Extracorporeal CO2 Removal in COPD Exacerbation (DECOPD)
The minimally invasive extracorporeal carbon dioxide removal may decrease the respiratory load during chronic obstructive pulmonary disease (COPD) exacerbation, reducing the need to advance the respiratory care toward invasive mechanical ventilation in patients refractory to non-invasive ventilatory support (NIV), or decreasing the need of ventilatory support in patients already invasively ventilated, thereby accelerating the weaning process.
The investigators intend to perform a multi-center experimental non randomized single arm prospective study to investigate the efficacy of the Decap Smart in reducing the intubation rate or the duration of invasive mechanical ventilation in patients with COPD treated either with NIV or invasive mechanical ventilation (IMV) for severe respiratory failure and hypercapnia. The results of the study will be compared to the data available in the literature.

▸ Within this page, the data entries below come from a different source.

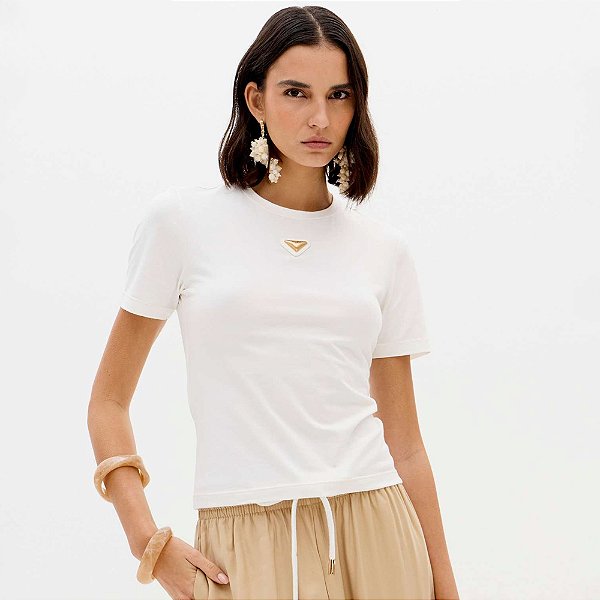 Camiseta Lança Perfume Baby Look Ve26 Off White Feminino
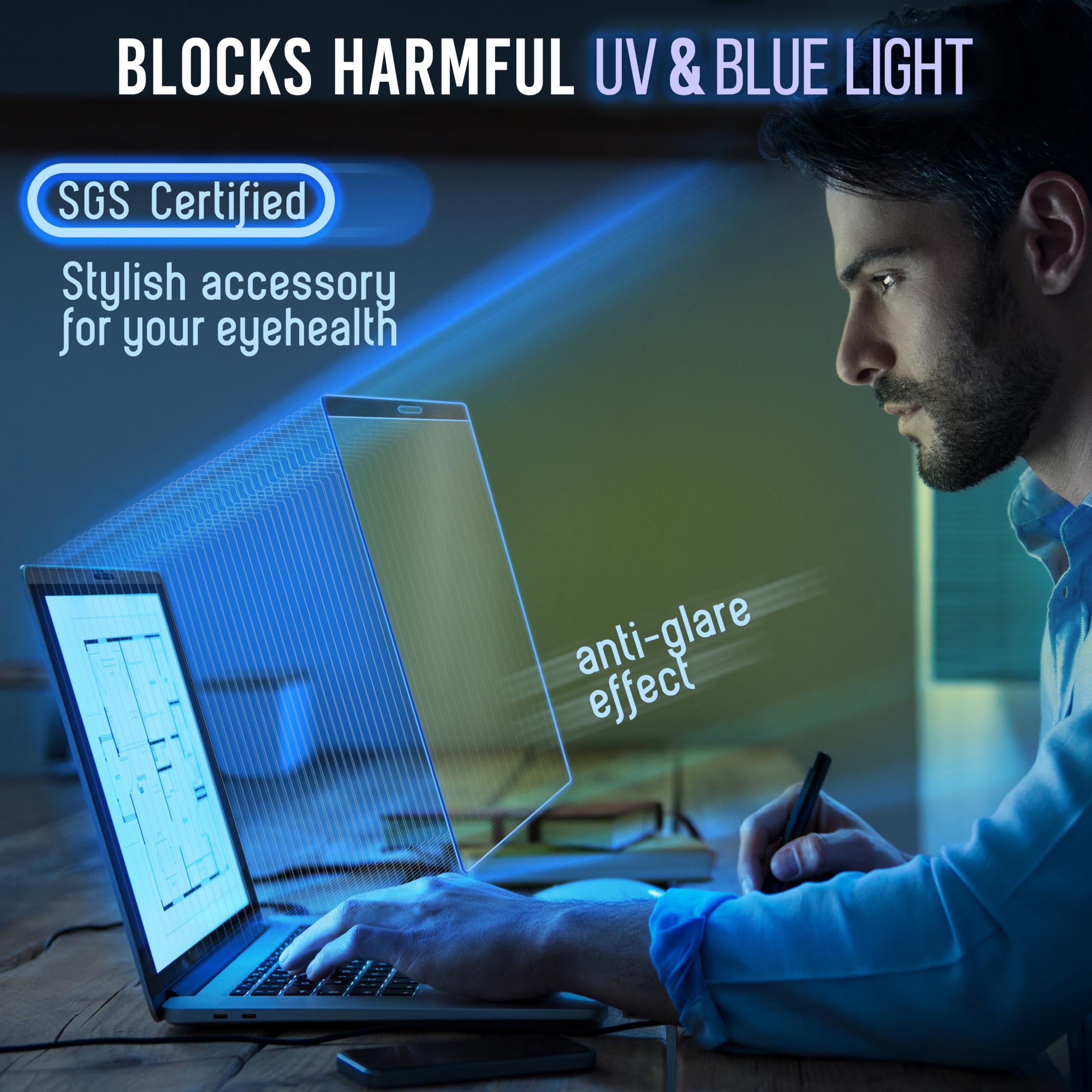 VINTEZ Magnetic Blue Light Screen Protector Compatible With MacBook Air 13" 2018, 2019, 2020, 2021, M1 Anti Blue Light Blocking Filter for Laptop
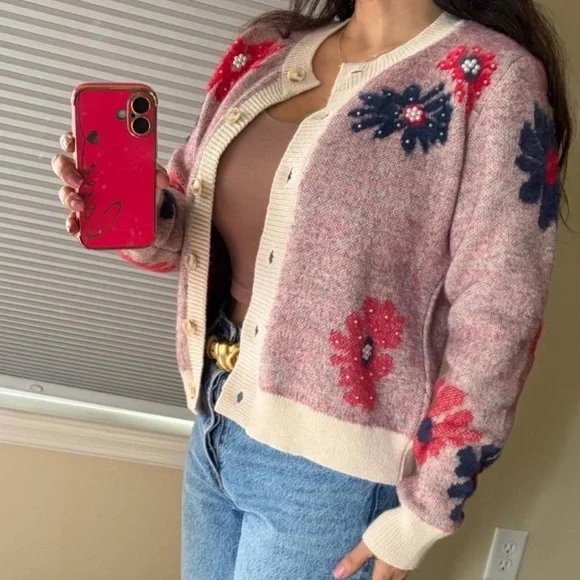 Nicole Miller cardigan sweater pearl floral topper jacket Spring small - Picture 3 of 8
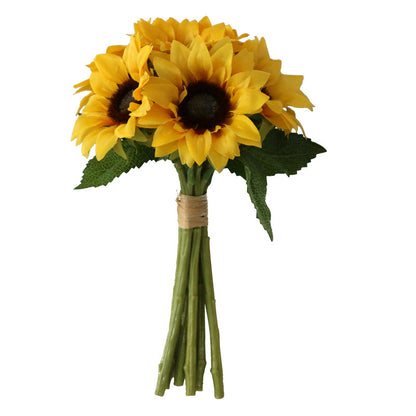 Realistic 6-Head Sunflower Bouquet for Weddings and Celebrations – Lifelike Faux Sunflowers for Stunning Floral Arrangements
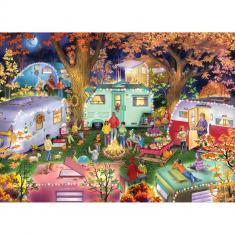 Puzzle 1000 pièces : Camping en automne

|COPD Exacerbation||Device: minimally invasive extracorporeal carbon dioxide removal||Phase 2|
|Study Design:||Intervention Model: Single Group Assignment
Masking: Open Label
Primary Purpose: Supportive Care
|Official Title:||Extracorporeal Carbon Dioxide Removal in Patients With Severe COPD Exacerbation Failing Noninvasive Ventilation|
- number of patients treated with the Decap Smart failing NIV and therefore needing endotracheal intubation [ Time Frame: 1 month ]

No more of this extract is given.